I prefer ETFs over managed funds for additional investment in the U.S. , mainly because mutual funds pay local taxes and spin off tax credits to holders. I am investing tax free funds, so the tax credits have no value.

The ETF which I decided to buy is iShares Core S&P Smaller Companies and 320 of these went into my pension fund yesterday @ 82.50. I will also add another 180 to my ISA account whenever fund is approved by my ISA managers – as long as the price is close to 82.50.

Sale of Slack, purchase of more Zoom

Prior to quarterly results I made a decision to sell Slack (WORK) as the stock had been underperforming and there might be better opportunities to reacquire when valuation looks more reasonable in relation to growth. The sale went through at 22.09 giving a loss on all accounts except the ISA.

Also noticed that Knox Ridley intended to add to Zoom (ZM) following a price drop after their quarterly results, so increased my holding – buying 200 for my ISA @ 63.38

The point has been made that both companies face competition from big tech, notably Microsoft. My feeling is that Zoom could be the better opportunity of the two because it has more of a global reach. Big tech will also be constrained from seeking monopolies by politics – it’s better to have at least one competitor at present to avoid anti trust actions, and try to increase the size of the overall market.

End November update

As things turned out November was a surprisingly good month for most of the technology stocks in the portfolios. The three with negligible changes were WORK 22.82, SNAP 15.25, and PINS 19.48.

BABA finally went ahead with their HongKong listing and the ADR price improved from 176.67 to 200 even. My best guess is that Beijing decided that a mega listing would help restore confidence in HK as a financial centre despite the protests and riots. Notable gains were also made by NVDA 216.74, MSFT 151.38, ROKU 160.37, MDB 148.70, WDAY 179.12, and ZM 74.50.

In the real world the general strength in US equities was reflected in Findlay Park American – up from 129.81 to 134.60, SCHD up from 55.52 to 57.09, and VIG up from 119.61 to 122.54.

U.K. funds and investment trusts were generally a bit firmer. However SSON up from 1202 to 1302, and the Buffettology fund up from 322 to 343 stood out as gainers while FEET lost a bit from 1177 to 1138. There is a U.K. General Election on 12th December and Sterling has remained reasonably strong. Once again the result is unpredictable despite opinion polls showing this and that. Theresa May experienced this last year.
People in general are sick and tired of the whole political class.

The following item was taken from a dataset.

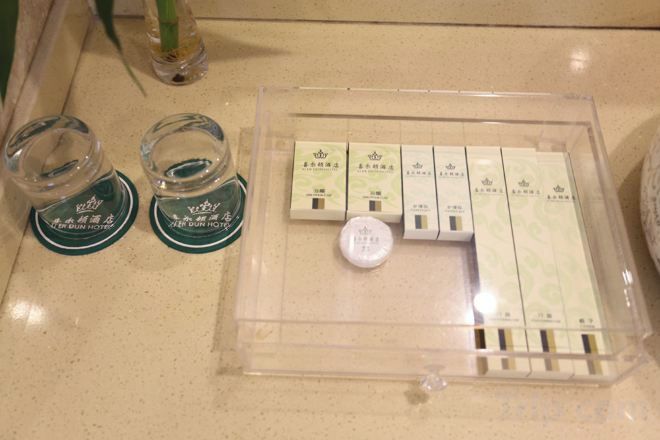 Embalagem transparente com vários produtos de higiene pessoal e uma garrafa de água sobre uma bancada.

Started a holding in Pinterest

The two main disrupters of e-commerce dominated by Amazon and E-Bay at the present time are Pinterest and Shopify. On October 31st after hours Pinterest posted quarterly figures which disappointed many analysts, although still showing reasonable growth.

I wrote that the price looked more like 20 than 25 yesterday, before Wall Street opened. In the event the stock started trading either side of 19 and a best order secured a small position @ 19.13. The stock closed at 20.86 but it is very difficult to predict which way the wind will be blowing next week.

From a technical perspective there remains a big gap to fill, but this is going to take time. For the moment I will look to either trade this small position or build on further weakness.

End October prices

It is useful for me to have a timeline on month end prices that I can look at just like that.So the list starts with US tech, then funds, then U.K. investment trusts and funds.

BABA 176.67, NVDA 201.02, MSFT 143.37, ROKU 147.20, WORK 22.00, SNAP 15.06, MDB 127.77, WDAY 162.16, ZM 69.89

Findlay Park 129.81, SCHD 55.52, VIG 119.61

SSON 1202, FEET 1177, Ab Euro Inc 94, Johcm inc 188, Laz Globalinc 107, Trojan X inc 105, Thread U.K. inc 144,( Buffettology 322p on 1/11)

There is not much on my watchlist. Pinterest just had a disappointing quarter so chances are the price will be more like 20 than 25 with many people stopped out.

Some older small holdings are gradually being disposed of to generate cash.